步骤 3：之后，使用以下命令安装必要的包。

此处，axios 包用于向服务器发送请求并获取服务器的响应。它支持请求拦截、请求取消和自动 JSON 转换。
Body parser 用作 express 的中间件，它可以将请求解析为不同的格式。它主要用于处理 POST 请求数据。
Cheerio 用于实现核心 jQuery 功能，它专为服务器端操作 HTML 和 XML 文档而设计。
EJS 用于在 HTML 模板中嵌入 JavaScript 代码。
Express 是一个 Node.js Web 应用程序框架。

步骤 4：之后，在同一目录中创建两个文件并命名。一个用于服务器，另一个用于爬虫 JavaScript 文件。因此，它们都命名为 'server.js' 和 'crawler.js'。

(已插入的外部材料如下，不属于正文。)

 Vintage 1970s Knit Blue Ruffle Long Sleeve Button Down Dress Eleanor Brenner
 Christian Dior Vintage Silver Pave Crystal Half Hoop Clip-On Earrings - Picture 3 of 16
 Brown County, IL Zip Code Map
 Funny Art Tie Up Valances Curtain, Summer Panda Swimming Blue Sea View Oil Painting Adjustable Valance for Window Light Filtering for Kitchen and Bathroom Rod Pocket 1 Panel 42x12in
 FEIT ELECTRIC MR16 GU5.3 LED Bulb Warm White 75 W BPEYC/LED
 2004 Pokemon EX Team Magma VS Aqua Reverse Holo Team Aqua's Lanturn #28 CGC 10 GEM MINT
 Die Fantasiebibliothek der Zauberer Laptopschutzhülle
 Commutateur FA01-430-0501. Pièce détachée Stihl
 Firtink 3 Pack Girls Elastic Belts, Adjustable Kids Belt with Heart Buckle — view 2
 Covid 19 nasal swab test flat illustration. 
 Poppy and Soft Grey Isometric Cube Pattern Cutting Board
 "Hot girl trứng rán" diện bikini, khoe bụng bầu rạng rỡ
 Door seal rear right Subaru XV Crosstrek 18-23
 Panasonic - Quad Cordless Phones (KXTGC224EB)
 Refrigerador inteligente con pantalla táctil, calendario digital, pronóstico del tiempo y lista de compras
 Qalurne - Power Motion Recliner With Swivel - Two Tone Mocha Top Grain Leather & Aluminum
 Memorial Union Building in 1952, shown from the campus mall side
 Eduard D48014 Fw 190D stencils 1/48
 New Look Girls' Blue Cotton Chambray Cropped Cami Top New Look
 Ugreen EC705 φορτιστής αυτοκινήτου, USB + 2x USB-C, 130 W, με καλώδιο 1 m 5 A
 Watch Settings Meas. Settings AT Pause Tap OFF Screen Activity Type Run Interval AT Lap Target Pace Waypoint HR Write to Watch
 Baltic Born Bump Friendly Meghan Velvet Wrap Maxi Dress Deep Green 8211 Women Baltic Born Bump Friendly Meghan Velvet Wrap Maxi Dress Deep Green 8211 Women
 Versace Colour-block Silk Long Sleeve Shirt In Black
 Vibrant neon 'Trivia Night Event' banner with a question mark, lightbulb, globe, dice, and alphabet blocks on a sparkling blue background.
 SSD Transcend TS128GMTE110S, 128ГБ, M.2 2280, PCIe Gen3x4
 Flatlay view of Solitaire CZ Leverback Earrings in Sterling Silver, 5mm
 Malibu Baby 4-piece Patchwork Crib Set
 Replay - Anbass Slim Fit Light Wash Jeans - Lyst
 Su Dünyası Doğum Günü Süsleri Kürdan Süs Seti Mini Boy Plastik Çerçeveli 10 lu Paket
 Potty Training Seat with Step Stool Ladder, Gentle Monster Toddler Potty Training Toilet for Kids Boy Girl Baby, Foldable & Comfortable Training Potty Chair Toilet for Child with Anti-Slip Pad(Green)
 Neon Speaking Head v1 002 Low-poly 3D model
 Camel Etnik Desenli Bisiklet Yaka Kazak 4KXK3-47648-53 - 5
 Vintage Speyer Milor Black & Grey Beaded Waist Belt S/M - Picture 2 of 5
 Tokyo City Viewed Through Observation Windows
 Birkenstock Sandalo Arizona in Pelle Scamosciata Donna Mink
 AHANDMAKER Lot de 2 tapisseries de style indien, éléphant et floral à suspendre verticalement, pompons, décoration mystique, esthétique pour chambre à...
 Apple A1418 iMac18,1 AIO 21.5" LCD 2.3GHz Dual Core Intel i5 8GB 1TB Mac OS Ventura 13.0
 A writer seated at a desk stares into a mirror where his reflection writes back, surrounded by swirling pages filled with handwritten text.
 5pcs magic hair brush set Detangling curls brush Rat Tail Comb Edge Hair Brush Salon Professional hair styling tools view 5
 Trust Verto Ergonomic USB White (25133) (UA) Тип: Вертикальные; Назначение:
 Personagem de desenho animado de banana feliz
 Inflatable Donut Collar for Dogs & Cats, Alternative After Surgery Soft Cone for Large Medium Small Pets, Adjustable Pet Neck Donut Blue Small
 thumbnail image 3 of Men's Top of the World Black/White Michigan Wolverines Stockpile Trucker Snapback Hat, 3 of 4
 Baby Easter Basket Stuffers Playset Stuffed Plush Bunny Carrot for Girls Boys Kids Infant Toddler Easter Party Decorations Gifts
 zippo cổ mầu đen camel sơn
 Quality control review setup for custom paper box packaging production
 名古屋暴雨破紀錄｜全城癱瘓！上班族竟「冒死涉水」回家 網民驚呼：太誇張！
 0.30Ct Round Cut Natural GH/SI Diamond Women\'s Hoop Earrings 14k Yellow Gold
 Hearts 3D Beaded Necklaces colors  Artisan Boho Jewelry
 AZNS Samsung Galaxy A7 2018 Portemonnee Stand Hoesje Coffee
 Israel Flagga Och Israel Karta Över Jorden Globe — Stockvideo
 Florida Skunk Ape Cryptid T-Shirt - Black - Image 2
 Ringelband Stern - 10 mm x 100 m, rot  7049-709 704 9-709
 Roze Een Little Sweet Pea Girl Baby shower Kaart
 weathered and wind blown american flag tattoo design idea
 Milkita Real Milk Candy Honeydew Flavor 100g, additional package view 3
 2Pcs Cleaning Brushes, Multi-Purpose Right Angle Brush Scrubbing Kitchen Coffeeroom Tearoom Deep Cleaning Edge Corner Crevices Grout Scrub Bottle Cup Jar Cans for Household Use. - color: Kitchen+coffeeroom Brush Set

步骤 5：最后，在 server.js 文件中写入以下代码。

 
const express = require('express');
const path = require('path');
const ejs = require('ejs');
const crawl = require('./crawler');
const app = express();
const port = 3000;
app.set('view engine', 'ejs');
app.set('views', path.join(__dirname, 'views'));
app.use(express.urlencoded({ extended: true }));
app.use(express.json());
app.use(express.static(path.join(__dirname, 'public')));
app.get('/', (req, res) => {
    res.sendFile(path.join(__dirname, 'views', 'index.html'));
});
app.post('/crawl', async (req, res) => {
    const url = req.body.url;
    const maxDepth = parseInt(req.body.maxDepth) || 1;
    const result = await crawl(url, 1, maxDepth);
    if (result) {
        res.render('results', {
            url: url,
            links: result.links,
            content: result.content
        });
    } else {
        res.send(`<p>Error crawling the URL. Please try again.</p><a href="/">Back</a>`);
    }
});
app.listen(port, () => {
    console.log(`Server is running on https://:${port}`);
});   

步骤 6：现在，在 crawler.js 中写入以下代码。

 
const axios = require('axios');
const cheerio = require('cheerio');
const { URL } = require('url');
async function crawl(baseUrl, depth = 1, maxDepth = 1, visited = new Set()) {
    if (depth > maxDepth || visited.has(baseUrl)) return { links: [], titles: [], content: '' };
    visited.add(baseUrl);
    try {
        const response = await axios.get(baseUrl);
        const html = response.data;
        const $ = cheerio.load(html);
        const data = {
            links: [],
            titles: [],
            content: $('body').text().trim(),
        };
        $('a').each((index, element) => {
            const href = $(element).attr('href');
            if (href) {
                try {
                    const absoluteUrl = new URL(href, baseUrl).href;
                    data.links.push({ link: absoluteUrl, title: $(element).text().trim() });
                } catch (error) {
                    console.error(`Invalid URL: ${href}`);
                }
            }
        });
        for (const link of data.links) {
            const nestedData = await crawl(link.link, depth + 1, maxDepth, visited);
            data.links.push(...nestedData.links);
        }
        return data;
    } catch (error) {
        console.error(`Error fetching ${baseUrl}:`, error);
        return { links: [], titles: [], content: '' };
    }
}
module.exports = crawl;   

步骤 7：之后，为 html 文件和 ejs 文件创建另一个名为 'views' 的文件夹。在该文件夹中，创建一个名为 'index.html' 的文件，用于创建一个表单，用户需要在其中输入网站的 URL 和最大深度。'results.ejs' 文件用于显示结果，其中包含一个表格，列出网站上的链接和数据。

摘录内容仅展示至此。